Alors que l’humanisme considère que l’être humain forme un microcosme, une réplique en plus petit de l’harmonie du monde, l’homme baroque conçoit l’esprit comme une force autonome, douée de sa propre existence, prenant le monde comme objet d’étude. Aussi, en même temps qu’il élabore une représentation de l’univers qui exclut Dieu, l’individu du XVIIe siècle s’emploie activement à rendre apparent ce Dieu caché. Ce paradoxe, qu’Eugène Green nomme l’« oxymore tragique », apparaît essentiel pour comprendre la pensée et le rapport au monde qu’entretiennent les artistes et les philosophes du Grand Siècle.

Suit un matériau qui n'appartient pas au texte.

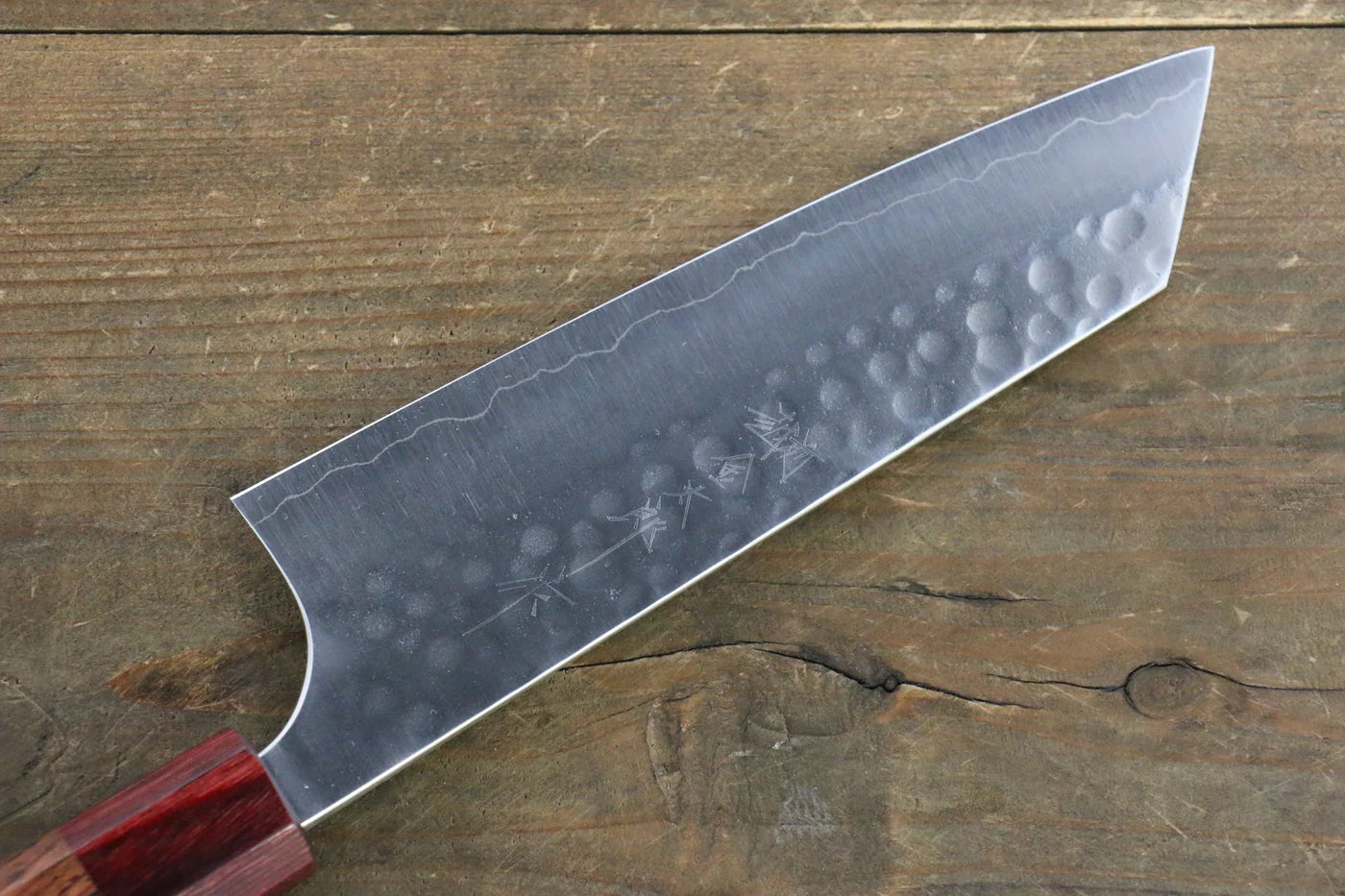 Yoshimi Kato Silver Steel No.3 (เหล็กเงิน No.3) ลายค้อนตี มีดสำหรับการใช้งานได้ทั่วไป Bunka มีดทำครัวญี่ปุ่น 165mm ด้ามฮอนดูรัสแดง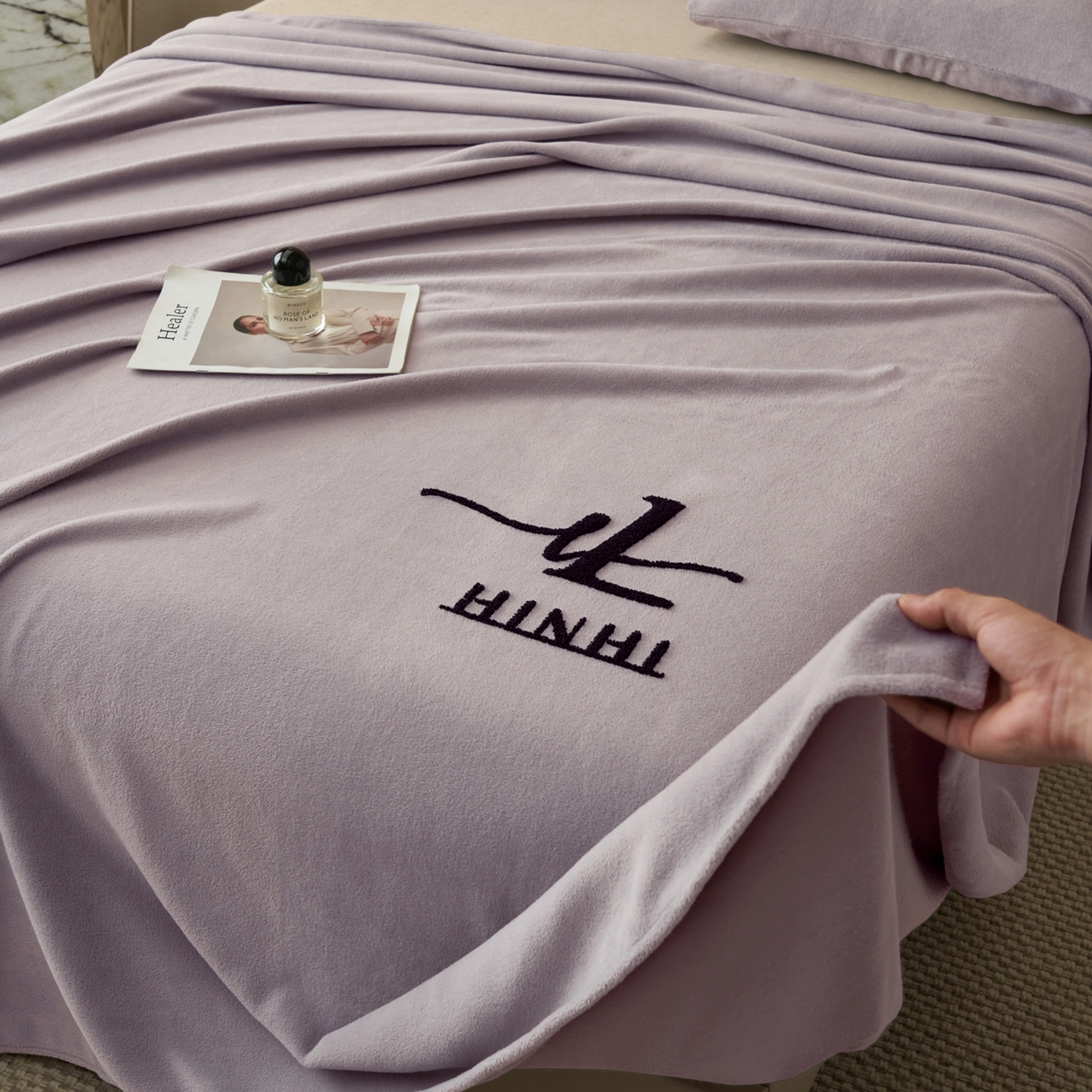 91家纺网 家纺一手货源 找家纺 早晨家纺 2025新款牛奶绒纯色毛巾绣暖绒床单 时尚-浅紫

Eugène Green précise que la parole constitue un élément déterminant, à cette époque, car elle est le fondement de la construction du monde moderne et, dans le même temps, le lieu de référence pour révéler le Dieu caché. Comme le cœur du paradoxe baroque réside dans l’art de la déclamation, l’auteur s’intéresse plus particulièrement à trois éléments capitaux de la rhétorique propre à cette époque : la prononciation, le rythme et l’énonciation. L’analyse, aux accents volontiers polémiques, révèle à quel point les techniques déclamatoires participent de l’effet esthétique. Un disque compact, joint au livre, nous permet d’entendre ce qu’Eugène Green décrit dans sa captivante étude. L’écoute est pour le moins déconcertante et nous amène à lire autrement les grands textes « classiques » de la littérature française.